Madame Seraphina se ruborizó al instante, sentía ser el centro de atención de todos, con un hilo de voz respondió:
―Yo… yo… ¿por qué sería una seductora?
―Para conquistar un hombre como vuestro marido es indudable que sois una mujer distinta de las otras. Es sabido que Cagliostro tiene un nutrido séquito de mujeres, pero no obstante, os ha escogido a vos.
―La marquesa de Morvan os ha hecho un cumplido, madame ―se vio obligada a precisar la marquesa Rocca Masci ―sois una hermosa mujer y seguramente inspiráis a vuestro consorte en sus elecciones.
―Admito que Alessandro, de vez en cuando, pide mi opinión pero las suyas son elecciones inspiradas por un poder superior a los comunes mortales.

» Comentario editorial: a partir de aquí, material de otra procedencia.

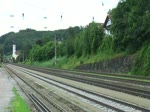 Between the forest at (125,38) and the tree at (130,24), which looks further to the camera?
the tree at (130,24)

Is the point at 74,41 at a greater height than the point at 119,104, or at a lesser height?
greater

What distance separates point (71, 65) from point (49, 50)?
3659 cm

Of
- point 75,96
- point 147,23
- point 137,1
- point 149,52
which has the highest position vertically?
point 137,1

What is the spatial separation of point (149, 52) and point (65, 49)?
188ft

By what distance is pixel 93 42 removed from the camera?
260 feet

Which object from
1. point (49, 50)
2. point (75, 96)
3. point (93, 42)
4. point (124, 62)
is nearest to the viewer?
point (75, 96)

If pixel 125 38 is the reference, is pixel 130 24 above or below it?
above

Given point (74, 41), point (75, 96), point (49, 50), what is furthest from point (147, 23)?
point (49, 50)

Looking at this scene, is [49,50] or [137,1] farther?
[49,50]

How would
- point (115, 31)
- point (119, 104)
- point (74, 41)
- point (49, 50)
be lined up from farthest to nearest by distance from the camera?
1. point (49, 50)
2. point (74, 41)
3. point (115, 31)
4. point (119, 104)

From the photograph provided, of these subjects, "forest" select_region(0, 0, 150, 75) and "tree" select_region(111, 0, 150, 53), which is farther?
"tree" select_region(111, 0, 150, 53)

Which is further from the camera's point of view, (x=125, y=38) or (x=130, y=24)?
(x=125, y=38)

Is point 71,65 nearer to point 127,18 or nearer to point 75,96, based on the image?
point 127,18

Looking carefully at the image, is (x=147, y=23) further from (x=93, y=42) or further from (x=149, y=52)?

El vizconde, ante aquel absurdo, estuvo a punto de decir algo pero la papista lo paró con una señal de la mano. Palma presionó a la mujer para conocer las indiscreciones delante de testigos:
―¿Tenéis algún ejemplo sobre esto?
―Mi marido es el Superior Incógnito y lo que hace es un prodigio. Sus famosas píldoras amarillas han curado milagrosamente a mucha gente. La señora Boutourlin ha podido parir rápidamente y sin problemas y monsieur Isleniev ha sanado de cáncer.
―Cagliostro sana a algunos no sana a todos ―la exclamación espontánea del vizconde acalló momentáneamente a Seraphina.
―En Polonia, en el laboratorio alquimista del castillo del príncipe Poniski, mi marido ha dado a una joven el poder de la adivinación. Por medio de ella, el maligno se ha manifestado y ha profetizado acontecimientos futuros nefastos.
―Madame, es imprudente por vuestra parte hacer estas afirmaciones. Nada menos que delante de una papista como la marquesa de Rocca Masci ―la reprendió el barón Seguret.
―Perdonadme, no quería ofenderos.
―No me habéis ofendido, al contrario… ―replicó satisfecha la noble dama italiana.
―Perfecto, ¿por qué no hablamos de otra cosa? Dejemos que también madame Seraphina goce de nuestra bella jornada ―afirmó Faust Seguret, sacando del punto muerto a la condesa Cagliostro.
Los aperitivos sustituyeron a las conversaciones serias, abriendo el apetito de los voraces comensales campestres. Las crostate5 de pistacho, de albaricoque y melocotones, merengues y rollitos de plátano sellaron el éxito de la cocina de casa Rohan.
La hora del regreso fue señalada por una ligera brisa que comenzó a soplar cuando el sol estaba ya un poco débil. Esto obligó a las señoras a subir de nuevo a las carrozas. La marquesa Rocca Masci invitó a la condesa Cagliostro a que le hiciese compañía.
―Madame Seraphina, estoy contenta de que hayáis aceptado mi invitación.
―El honor es mío, marquesa.
―Os debo felicitar, señora. Estos días habéis debido soportar feroces ataques contra vuestro marido, sin embargo, habéis mantenido una contención admirable.